Aussi, démarrer sur un petit marché peut être un avantage très intéressant. Spotify a démarré en Suède et a pu y convaincre les labels sur place de donner accès en streaming à l’entièreté de leur catalogue. Comme le marché était petit, le danger pour eux était mesuré. L’apparition de Spotify aux États-Unis est arrivée bien plus tard, une fois que le modèle avait été validé sur un marché moins risqué. Démarrer sa startup en Belgique est donc très loin d’être une idée idiote. Après, il est évident qu’il faudra prendre l’avion si votre ambition est de bâtir un empire à l’échelle globale et non pas de rester une curiosité nationale.
En tant qu’entrepreneur Européen, voici sans doute le genre de stratégie que vous pourriez adopter si vous souhaitiez démarrer une startup demain. Tout d’abord, tâchez de construire un MVP avec la plus petite équipe possible et le plus petit financement (seed funding) possible depuis un endroit où le coût et la qualité de vie sont relativement corrects. Ensuite, testez le produit sur un marché limité et itérez jusqu’à atteindre le product/market fit et une traction encourageante. N’oubliez pas que la plupart des startups échouent car elles construisent un produit dont personne n’a besoin. Une fois le product/market fit trouvé, allez faire un petit tour dans la Silicon Valley pour y tisser des liens et pourquoi pas essayer de réaliser une première levée de fonds (Series A). Essayez que cette dernière ne soit pas trop grande afin de conserver la gouvernance de votre bébé, mais suffisamment importante pour pouvoir monter une équipe, accélérer et entériner toute concurrence. Gardez une présence minimale dans la Silicon Valley, mais essayez de baser la majorité de votre équipe dans un endroit qui sera meilleur marché et moins concurrentiel d’un point de vue recrutement. Vous pouvez aussi le faire de façon totalement décentralisée à travers le monde, comme Buffer. En tant que fondateur et CEO, le plus important n’est pas d’être proche de vos investisseurs, mais d’être proche de votre marché. Si vous voulez vous assurer que votre startup sera un succès, écoutez attentivement ce que vos utilisateurs ont à dire et ne restez jamais très loin d’eux. Évidemment, n’oubliez pas de passer du temps avec votre équipe, afin de donner un sens à ce qu’ils font et de les guider au mieux pour accomplir votre vision.
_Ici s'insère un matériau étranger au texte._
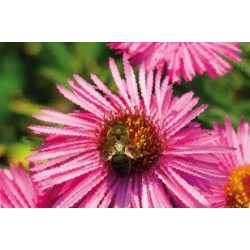 Aster Nain D Automne Rge...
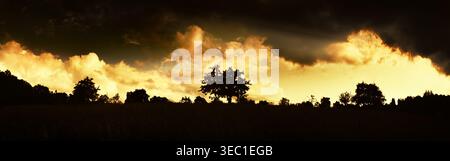 Silhouettes of trees on the horizon against a very dramatic golden high contrast sky. Rural panoramic dark moody landscape. Stock Photo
Tout ceci reste évidemment un scénario idéal qui relève un peu de la science-fiction et est entièrement basé sur mon expérience personnelle. Chacun est différent et chacun aura donc une vision des choses qui lui est propre. Il n’y a pas qu’une seule façon de réussir mais quel que soit le chemin que vous souhaitez emprunter, dites vous que la seule chose certaine est que vous allez en baver et que rien ne va se passer comme prévu (sauf si vous prévoyez que rien ne va se passer comme prévu). Toutefois, cela reste important d’avoir une certaine idée d’où on veut mener son bateau et de comment on veut structurer son entreprise.
En conclusion, je suis convaincu qu’on peut démarrer une startup de n’importe où, mais pour devenir un succès global, la Silicon Valley reste encore un passage obligé. J’espère avoir répondu de façon satisfaisante à la question.